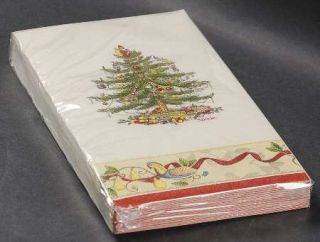 Spode Christmas Tree Green Trim Pack Paper Guest Towel Napkins, Fine China Dinne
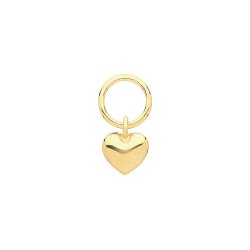 9ct Gold Heart Earring Charm 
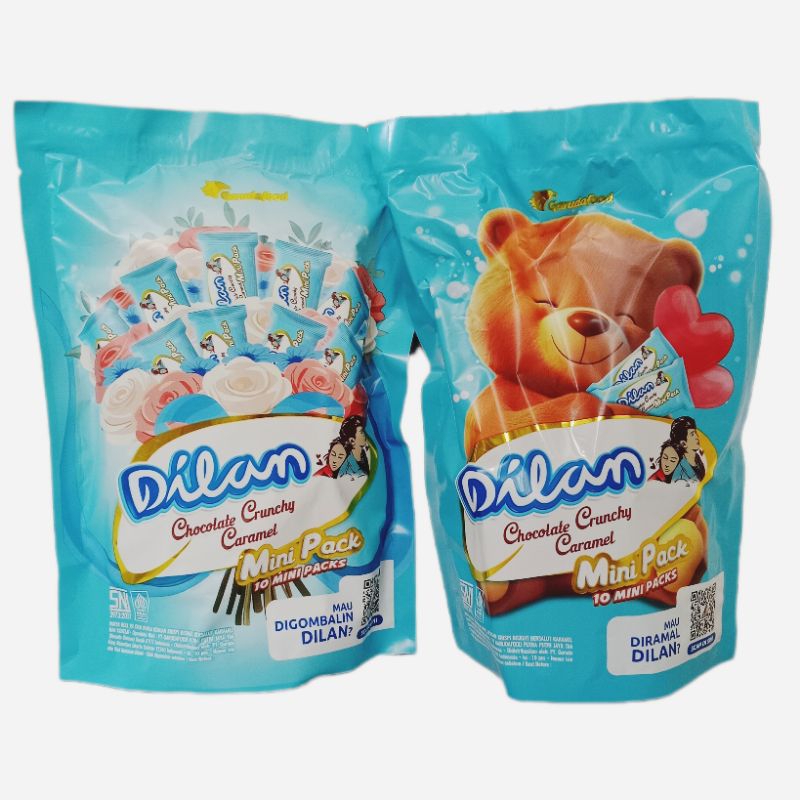 

DILAN Chocolate Crunchy Caramel Mini Packs isi 10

^^^^

→ Exercise directions
The expected output is the full material above, word for word, without pictures.

→ Answer
 Spode Christmas Tree Green Trim Pack Paper Guest Towel Napkins, Fine China Dinne
 9ct Gold Heart Earring Charm 

DILAN Chocolate Crunchy Caramel Mini Packs isi 10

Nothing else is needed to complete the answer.